VERONIQUE D’ENTREMONT
Veronique d’entremont (they/them) is a trans-disciplinary artist whose practice spans devotional sculpture, audio installation, video and performance. They maintain an ongoing, inter-species collaboration with a feral colony of honeybees they claim to be the earthly manifestation of their deceased mother. veronique descends from a line of Sicilian women who are either blessed with spiritual gifts or cursed with bi-polar disorder, depending upon who you ask.
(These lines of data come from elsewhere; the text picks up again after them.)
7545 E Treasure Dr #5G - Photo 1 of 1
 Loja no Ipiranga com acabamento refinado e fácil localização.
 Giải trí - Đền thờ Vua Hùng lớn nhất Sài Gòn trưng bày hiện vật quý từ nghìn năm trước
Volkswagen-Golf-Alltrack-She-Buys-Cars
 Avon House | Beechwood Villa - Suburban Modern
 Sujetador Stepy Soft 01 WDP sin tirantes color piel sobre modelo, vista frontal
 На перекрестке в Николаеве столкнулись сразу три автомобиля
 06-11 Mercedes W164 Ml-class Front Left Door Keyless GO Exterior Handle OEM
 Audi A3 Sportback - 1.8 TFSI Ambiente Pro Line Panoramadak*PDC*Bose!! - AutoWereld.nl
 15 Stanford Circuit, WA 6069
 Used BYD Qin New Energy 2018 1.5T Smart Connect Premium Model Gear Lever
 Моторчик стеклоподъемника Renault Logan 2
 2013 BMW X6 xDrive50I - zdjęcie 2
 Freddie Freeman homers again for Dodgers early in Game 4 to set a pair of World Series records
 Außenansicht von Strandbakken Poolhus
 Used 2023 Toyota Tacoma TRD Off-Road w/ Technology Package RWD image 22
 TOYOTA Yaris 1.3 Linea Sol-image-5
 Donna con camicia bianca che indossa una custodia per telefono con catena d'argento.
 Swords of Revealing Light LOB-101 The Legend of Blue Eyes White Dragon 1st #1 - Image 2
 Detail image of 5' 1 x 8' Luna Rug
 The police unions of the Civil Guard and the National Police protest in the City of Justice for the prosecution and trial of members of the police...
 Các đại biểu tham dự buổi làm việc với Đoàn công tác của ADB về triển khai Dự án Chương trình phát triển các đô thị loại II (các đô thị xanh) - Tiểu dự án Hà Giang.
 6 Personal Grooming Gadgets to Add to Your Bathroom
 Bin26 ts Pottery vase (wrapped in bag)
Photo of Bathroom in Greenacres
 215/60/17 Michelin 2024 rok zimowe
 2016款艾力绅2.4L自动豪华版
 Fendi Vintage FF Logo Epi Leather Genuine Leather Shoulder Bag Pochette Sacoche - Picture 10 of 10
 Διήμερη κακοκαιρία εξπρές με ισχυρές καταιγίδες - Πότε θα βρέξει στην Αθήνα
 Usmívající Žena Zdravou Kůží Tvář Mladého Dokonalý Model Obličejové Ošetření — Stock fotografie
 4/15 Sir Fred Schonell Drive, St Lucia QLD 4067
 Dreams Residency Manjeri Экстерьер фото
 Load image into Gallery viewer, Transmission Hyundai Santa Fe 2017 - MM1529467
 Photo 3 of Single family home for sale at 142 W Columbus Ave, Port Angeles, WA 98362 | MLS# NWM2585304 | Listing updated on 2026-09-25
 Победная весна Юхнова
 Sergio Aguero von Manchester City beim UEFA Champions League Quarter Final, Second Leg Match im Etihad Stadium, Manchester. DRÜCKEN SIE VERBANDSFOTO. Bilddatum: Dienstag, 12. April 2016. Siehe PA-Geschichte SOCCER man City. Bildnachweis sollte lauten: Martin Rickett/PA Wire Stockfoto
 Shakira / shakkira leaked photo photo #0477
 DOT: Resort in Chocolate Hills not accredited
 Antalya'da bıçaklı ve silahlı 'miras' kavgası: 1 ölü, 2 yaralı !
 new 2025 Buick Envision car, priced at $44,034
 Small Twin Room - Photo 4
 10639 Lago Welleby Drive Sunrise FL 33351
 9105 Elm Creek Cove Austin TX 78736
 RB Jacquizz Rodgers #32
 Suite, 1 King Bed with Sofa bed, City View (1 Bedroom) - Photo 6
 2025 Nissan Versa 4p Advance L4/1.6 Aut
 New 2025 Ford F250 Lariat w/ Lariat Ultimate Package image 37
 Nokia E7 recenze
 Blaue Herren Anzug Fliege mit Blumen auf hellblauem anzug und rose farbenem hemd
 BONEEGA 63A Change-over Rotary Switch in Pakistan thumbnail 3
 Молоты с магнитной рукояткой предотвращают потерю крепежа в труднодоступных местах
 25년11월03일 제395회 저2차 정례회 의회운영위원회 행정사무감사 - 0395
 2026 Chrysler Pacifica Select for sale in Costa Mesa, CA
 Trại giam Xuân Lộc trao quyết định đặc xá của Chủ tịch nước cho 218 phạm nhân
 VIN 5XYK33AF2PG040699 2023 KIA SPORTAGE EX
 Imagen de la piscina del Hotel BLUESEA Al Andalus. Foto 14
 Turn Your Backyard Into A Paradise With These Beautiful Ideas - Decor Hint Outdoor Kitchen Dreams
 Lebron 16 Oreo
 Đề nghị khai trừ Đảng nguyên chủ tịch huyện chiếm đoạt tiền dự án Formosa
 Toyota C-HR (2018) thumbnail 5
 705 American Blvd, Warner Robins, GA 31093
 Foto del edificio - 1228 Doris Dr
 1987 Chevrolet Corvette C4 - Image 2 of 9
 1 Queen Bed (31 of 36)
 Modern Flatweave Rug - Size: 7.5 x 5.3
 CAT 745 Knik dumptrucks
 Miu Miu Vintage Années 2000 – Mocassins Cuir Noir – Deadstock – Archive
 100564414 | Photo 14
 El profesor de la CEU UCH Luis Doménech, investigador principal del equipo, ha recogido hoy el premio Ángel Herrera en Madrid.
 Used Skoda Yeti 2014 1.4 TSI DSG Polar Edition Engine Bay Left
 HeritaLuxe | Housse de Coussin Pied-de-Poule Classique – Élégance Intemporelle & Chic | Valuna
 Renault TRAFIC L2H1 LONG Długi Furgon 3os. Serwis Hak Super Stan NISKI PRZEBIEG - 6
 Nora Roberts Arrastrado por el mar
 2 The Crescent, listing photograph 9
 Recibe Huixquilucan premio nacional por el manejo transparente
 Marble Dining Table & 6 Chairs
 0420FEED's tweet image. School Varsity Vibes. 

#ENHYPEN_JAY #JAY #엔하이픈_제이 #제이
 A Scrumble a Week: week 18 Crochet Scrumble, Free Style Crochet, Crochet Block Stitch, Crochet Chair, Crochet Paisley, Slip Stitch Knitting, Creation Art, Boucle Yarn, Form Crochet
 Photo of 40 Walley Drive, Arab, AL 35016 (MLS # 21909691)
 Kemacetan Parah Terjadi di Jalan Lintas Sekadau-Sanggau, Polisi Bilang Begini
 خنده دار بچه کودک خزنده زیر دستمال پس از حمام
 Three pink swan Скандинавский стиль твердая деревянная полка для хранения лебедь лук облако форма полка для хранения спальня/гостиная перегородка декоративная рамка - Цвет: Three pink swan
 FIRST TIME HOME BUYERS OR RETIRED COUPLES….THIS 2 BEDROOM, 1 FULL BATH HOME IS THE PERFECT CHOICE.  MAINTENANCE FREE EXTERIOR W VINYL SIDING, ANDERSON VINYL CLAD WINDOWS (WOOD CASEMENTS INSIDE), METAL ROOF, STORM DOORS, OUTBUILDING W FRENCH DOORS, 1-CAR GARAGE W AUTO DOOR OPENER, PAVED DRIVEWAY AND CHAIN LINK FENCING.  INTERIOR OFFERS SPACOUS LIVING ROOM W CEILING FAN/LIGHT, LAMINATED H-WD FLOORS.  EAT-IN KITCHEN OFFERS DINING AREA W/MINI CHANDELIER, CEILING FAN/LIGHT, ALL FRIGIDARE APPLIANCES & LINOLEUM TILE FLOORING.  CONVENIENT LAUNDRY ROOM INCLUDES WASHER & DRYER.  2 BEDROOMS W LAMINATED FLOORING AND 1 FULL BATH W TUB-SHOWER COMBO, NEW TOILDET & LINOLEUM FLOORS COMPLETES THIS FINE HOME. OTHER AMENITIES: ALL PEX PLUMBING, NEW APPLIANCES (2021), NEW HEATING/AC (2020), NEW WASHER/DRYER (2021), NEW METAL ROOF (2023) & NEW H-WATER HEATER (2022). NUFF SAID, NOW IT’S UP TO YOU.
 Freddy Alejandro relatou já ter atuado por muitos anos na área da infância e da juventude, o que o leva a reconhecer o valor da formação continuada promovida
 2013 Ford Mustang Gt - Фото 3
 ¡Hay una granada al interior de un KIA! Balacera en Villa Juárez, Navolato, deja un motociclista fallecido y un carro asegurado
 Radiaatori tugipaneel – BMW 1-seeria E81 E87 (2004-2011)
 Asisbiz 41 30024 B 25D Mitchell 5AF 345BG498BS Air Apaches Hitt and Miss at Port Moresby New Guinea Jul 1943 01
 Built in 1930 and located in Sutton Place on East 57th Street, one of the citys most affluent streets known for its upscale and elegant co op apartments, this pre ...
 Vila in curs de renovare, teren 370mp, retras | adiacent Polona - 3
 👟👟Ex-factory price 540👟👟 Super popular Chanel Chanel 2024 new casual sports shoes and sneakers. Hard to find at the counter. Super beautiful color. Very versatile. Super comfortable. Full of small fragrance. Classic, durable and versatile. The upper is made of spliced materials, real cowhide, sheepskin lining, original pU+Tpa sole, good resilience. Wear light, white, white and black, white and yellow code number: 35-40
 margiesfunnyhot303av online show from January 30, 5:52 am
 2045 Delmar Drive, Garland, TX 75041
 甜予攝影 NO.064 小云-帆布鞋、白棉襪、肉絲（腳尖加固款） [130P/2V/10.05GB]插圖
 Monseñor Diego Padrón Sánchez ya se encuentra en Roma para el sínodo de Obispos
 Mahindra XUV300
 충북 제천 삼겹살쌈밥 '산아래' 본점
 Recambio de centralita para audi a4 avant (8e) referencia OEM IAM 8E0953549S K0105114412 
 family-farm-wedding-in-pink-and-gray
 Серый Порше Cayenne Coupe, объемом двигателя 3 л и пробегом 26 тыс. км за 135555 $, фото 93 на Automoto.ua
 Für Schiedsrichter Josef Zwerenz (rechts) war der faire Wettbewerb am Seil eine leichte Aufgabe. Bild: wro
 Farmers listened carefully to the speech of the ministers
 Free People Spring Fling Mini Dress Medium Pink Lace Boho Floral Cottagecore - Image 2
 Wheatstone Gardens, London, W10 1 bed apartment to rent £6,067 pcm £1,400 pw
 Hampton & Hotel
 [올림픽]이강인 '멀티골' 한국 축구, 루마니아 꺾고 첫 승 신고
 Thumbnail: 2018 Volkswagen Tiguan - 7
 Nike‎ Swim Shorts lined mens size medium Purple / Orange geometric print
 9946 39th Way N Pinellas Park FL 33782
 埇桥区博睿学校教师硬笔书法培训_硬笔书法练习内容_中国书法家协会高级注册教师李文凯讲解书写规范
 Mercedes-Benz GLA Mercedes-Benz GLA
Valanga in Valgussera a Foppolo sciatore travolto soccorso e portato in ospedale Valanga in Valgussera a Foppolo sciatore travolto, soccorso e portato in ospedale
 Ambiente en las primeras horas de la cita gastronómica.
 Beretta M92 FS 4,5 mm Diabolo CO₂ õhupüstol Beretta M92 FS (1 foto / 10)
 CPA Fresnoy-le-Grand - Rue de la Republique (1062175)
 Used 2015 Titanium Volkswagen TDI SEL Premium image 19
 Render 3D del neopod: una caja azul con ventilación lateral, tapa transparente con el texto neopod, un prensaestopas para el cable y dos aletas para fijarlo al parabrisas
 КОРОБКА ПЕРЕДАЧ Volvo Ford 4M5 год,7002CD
To make sense of this legacy and the resulting suicide of their own mother, veronique infuses personal documentary with elements of magical realism, using their work as a medium for building empathy, healing from inter-generational trauma and challenging notions of otherness. Through creative myth-making, veronique seeks pathways toward healing our relationships to our environment, to each other and to ourselves. The artist looks to stories from early Christian mysticism, Sicilian folk magic and other earth-based practices for ways we may reimagine our attitudes toward neurodiversity and claim queer ancestry with human and non-human kin. Veronique’s solo exhibitions include Commonwealth and Council (Los Angeles), The Berwick Research Institute (Boston), and SPACES Cleveland, and public artworks commissioned by The Institute for Contemporary Art Los Angeles (ICA LA) and Los Angeles Nomadic Division (LAND). Veronique has been supported by numerous awards and residencies including a Joan Mitchell Fellowship and residency at the Joan Mitchell Center.
KANDIS WILLIAMS
Kandis Williams (b. 1985, Baltimore, Maryland) has had recent solo shows at Night Gallery, Los Angeles; KW Institute for Contemporary Art, Berlin; and Ficken 3000, Berlin, Germany. In Fall 2020, the Institute for Contemporary Art at Virginia Commonwealth University opened Kandis Williams: A Field, a multi-stage solo exhibition curated by Amber Esseiva, which will run through Summer 2021 as part of the museum’s Provocations commission series. Williams is featured in the 2020 edition of the Made in LA biennial at the Hammer Museum and Huntington Libraries. She is the recipient of the 2021 Grants to Artists award, presented by the Foundation for Contemporary Arts, New York. Beyond her creative work, Williams has an active curatorial and pedagogical practice, and runs Cassandra Press. Her performances have been mounted in clubs and institutions across the world. She is currently a visiting faculty member at the California Institute of the Arts. Williams lives and works in Los Angeles.